* [WHAT YOU SHOULD DO]: Exactly as they stand, copy the lines from the one containing "黄梅康家垄墓地：纪年墓为北宋早期墓葬断代提供标尺，出土褐彩缠枝牡丹纹梅瓶" to the final line of the data; leave out the pictures.

* [GIVEN DATA]:
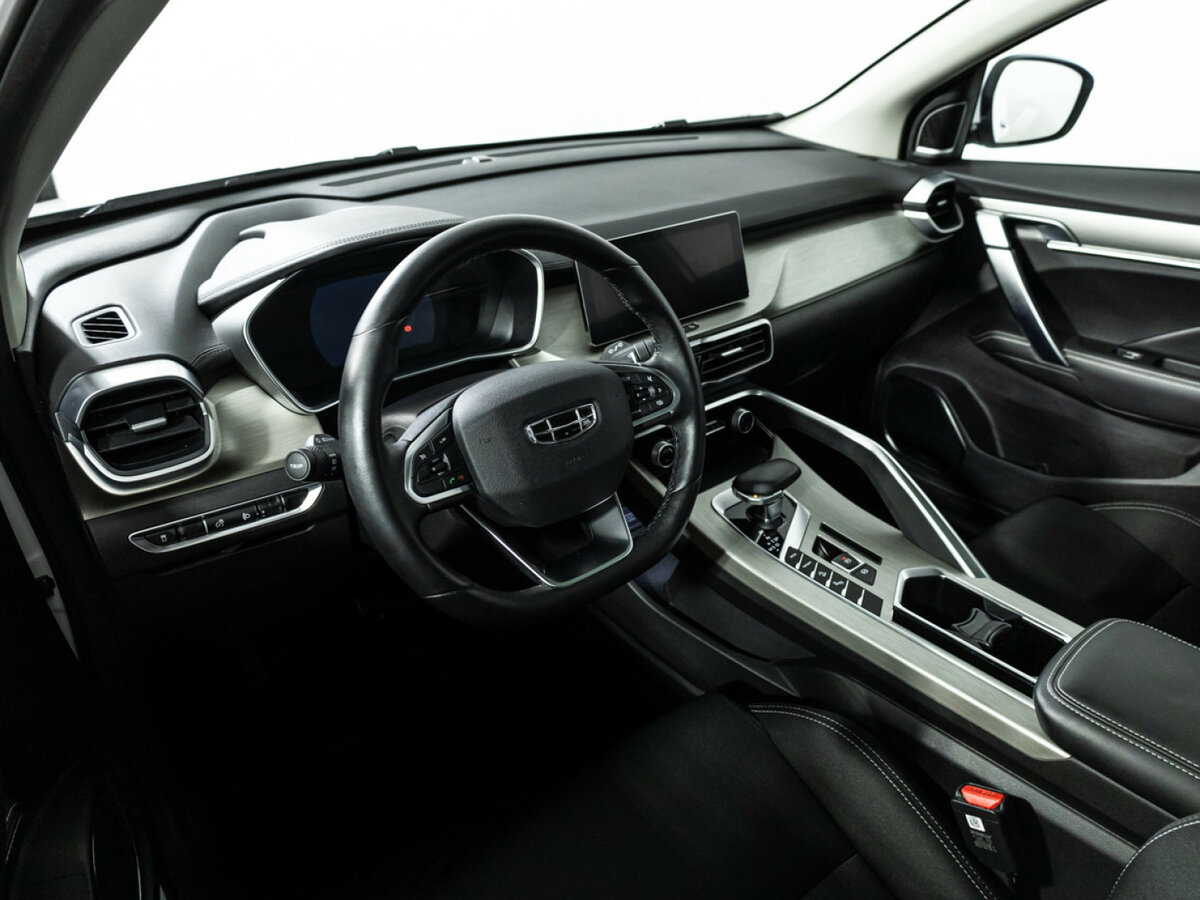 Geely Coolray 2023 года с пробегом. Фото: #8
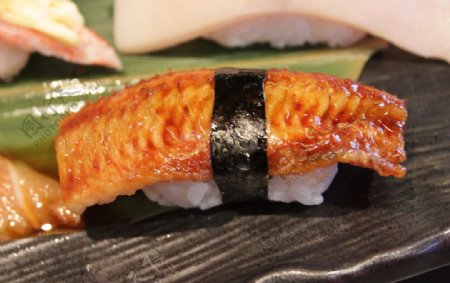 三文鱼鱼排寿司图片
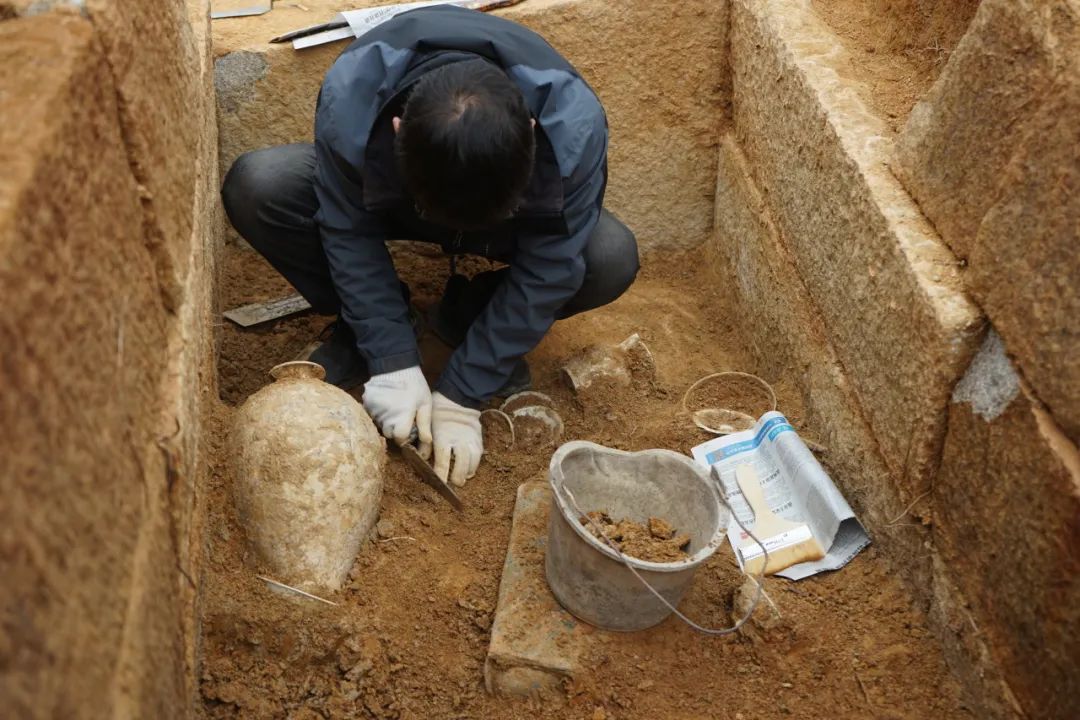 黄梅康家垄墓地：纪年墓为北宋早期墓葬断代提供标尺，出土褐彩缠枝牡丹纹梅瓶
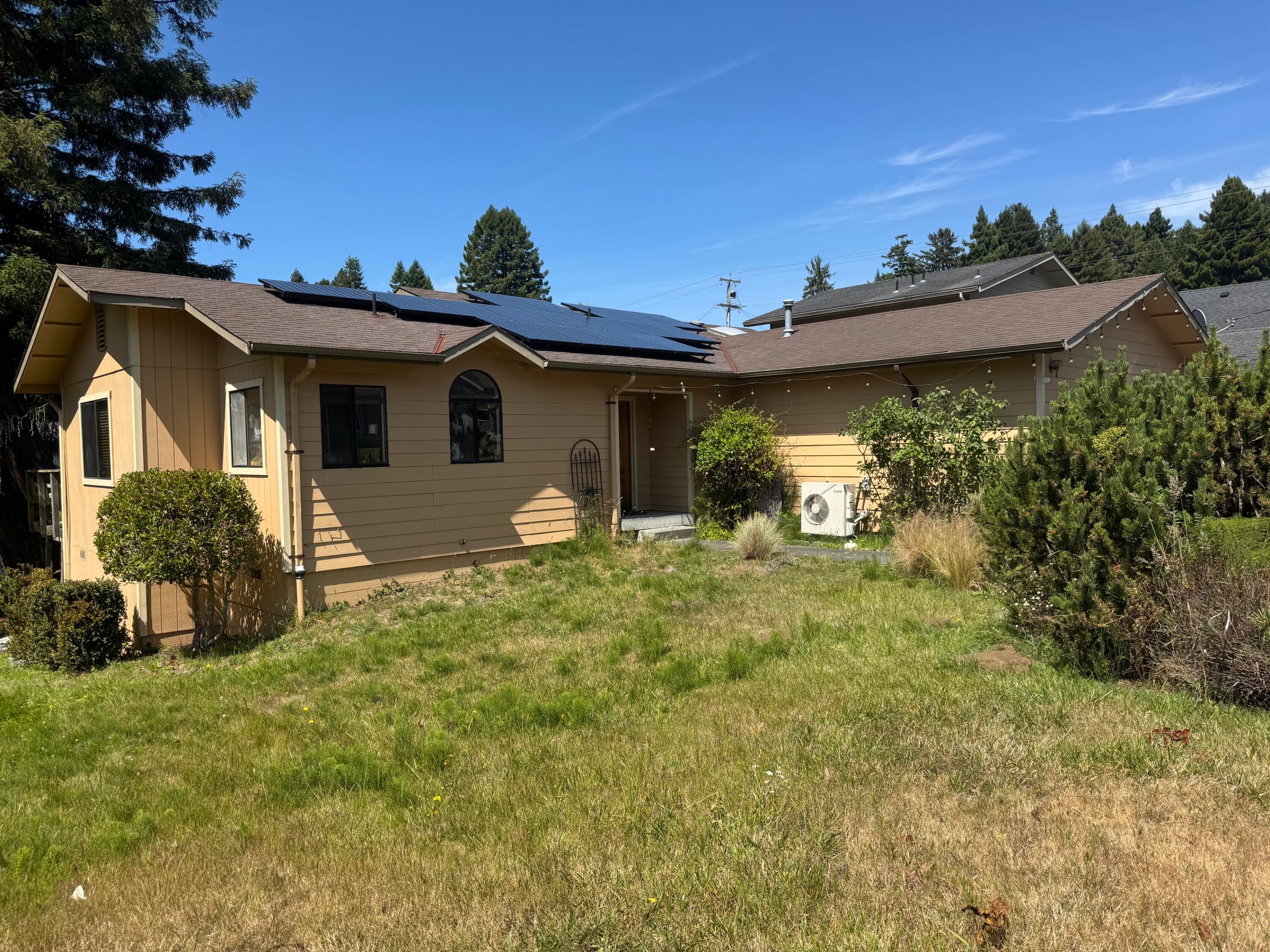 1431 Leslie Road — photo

* [ANSWER SECTION]:
 黄梅康家垄墓地：纪年墓为北宋早期墓葬断代提供标尺，出土褐彩缠枝牡丹纹梅瓶
 1431 Leslie Road — photo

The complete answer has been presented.